Every year in the UK Singles Chart, there is a highly publicised race for the top slot on the chart immediately prior to Christmas, an honour known as the Christmas Number One. The UK public take a particular interest in chart performance and sales of singles are especially high in the two weeks before Christmas. The race for first position at Christmas has become a British institution and people will speculate, comment and bet upon the outcome.

The following is a list of UK Singles Chart Christmas number twos, songs that came in second place on the chart.
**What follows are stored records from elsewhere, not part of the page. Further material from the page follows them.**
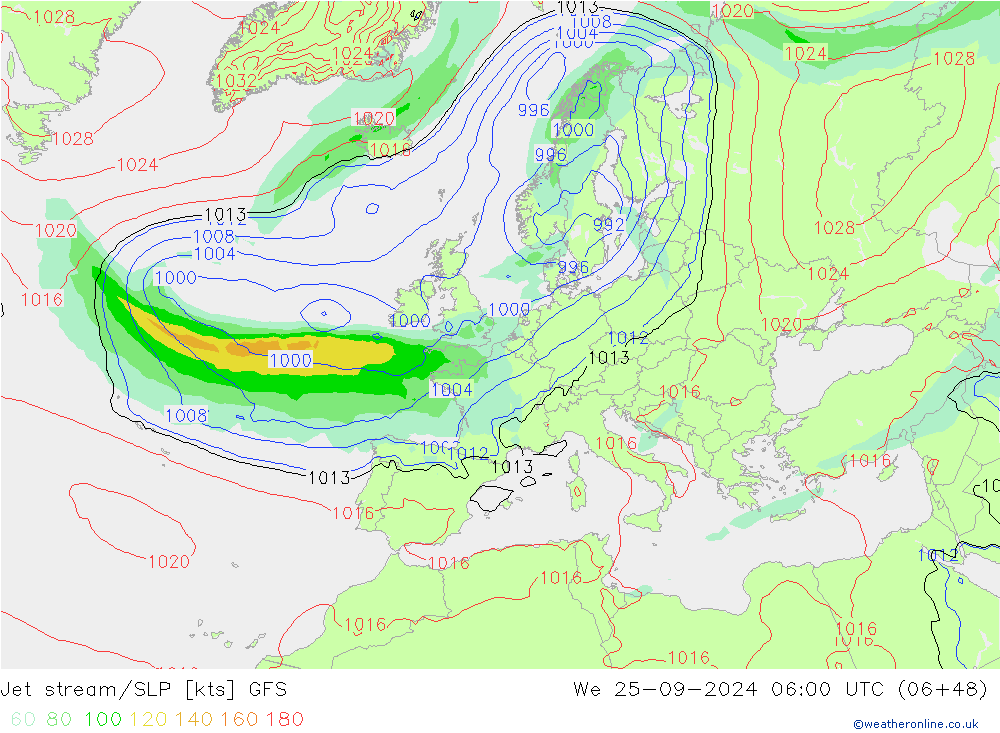 Corriente en chorro GFS mié 25.09.2024 06 UTC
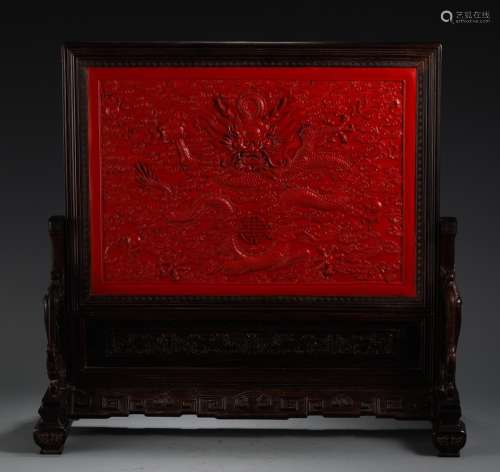 , red sandalwood carved lacquerware dragon poems plaque53 57...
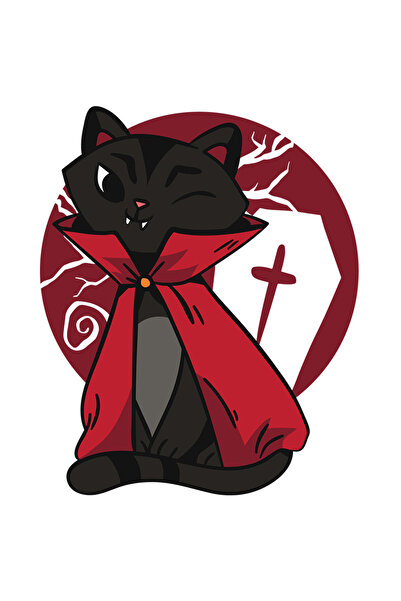 StoryGift Romania Sticker Adeziv 90CM Cu Pisica, Vampir, Pelerina, Cimitir, Cosciug, Halloween, cu Margini Albe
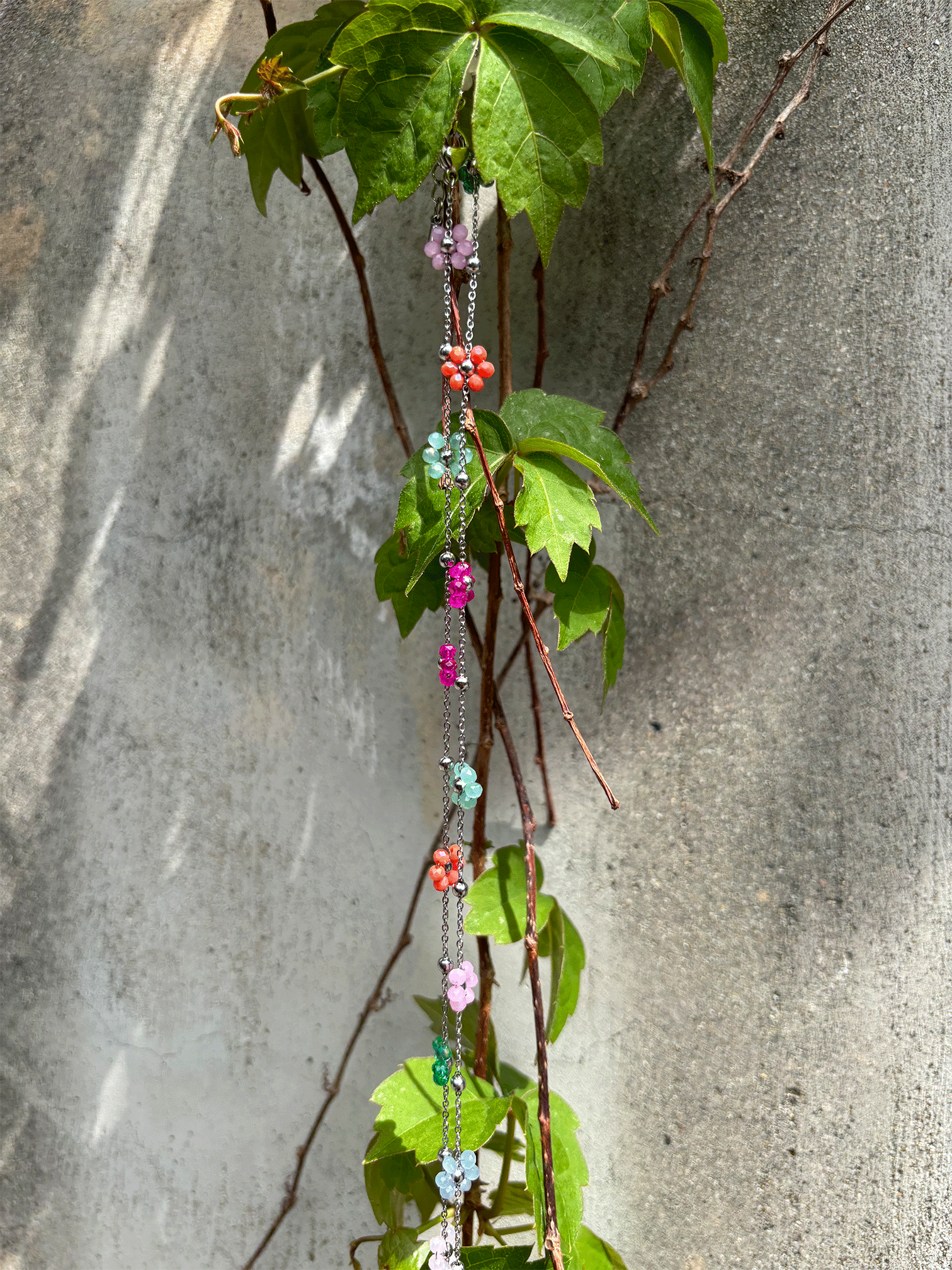 실버 구슬 꽃 목걸이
Although the Christmas number one is a highly coveted prize in the United Kingdom, the second-place finisher on the Christmas singles chart has also earned a certain degree of popularity, especially since the 1980s. On PRS for Music's 2010 list of the most popular Christmas songs of the year, the top three songs were all songs that had finished second on the chart: 1987's "Fairytale of New York" by The Pogues and Kirsty MacColl (beaten by the Pet Shop Boys' cover of "Always on My Mind"), 1984's "Last Christmas" by Wham! (second to Band Aid's "Do They Know It's Christmas?"), and 1994's "All I Want for Christmas Is You", now considered a Christmas standard both in the UK and in performer Mariah Carey's native United States but one that lost the Christmas number-one to East 17's "Stay Another Day". In some cases, the Christmas number-one is a novelty song that has little shelf life after the Christmas season, whereas the number-two has a greater life in recurrent rotation. An example of this was 1980's "There's No One Quite Like Grandma" by St Winifred's School Choir, a song that forced "(Just Like) Starting Over" by the recently deceased John Lennon out of the number-one spot (Lennon returned to number-one the week after Christmas).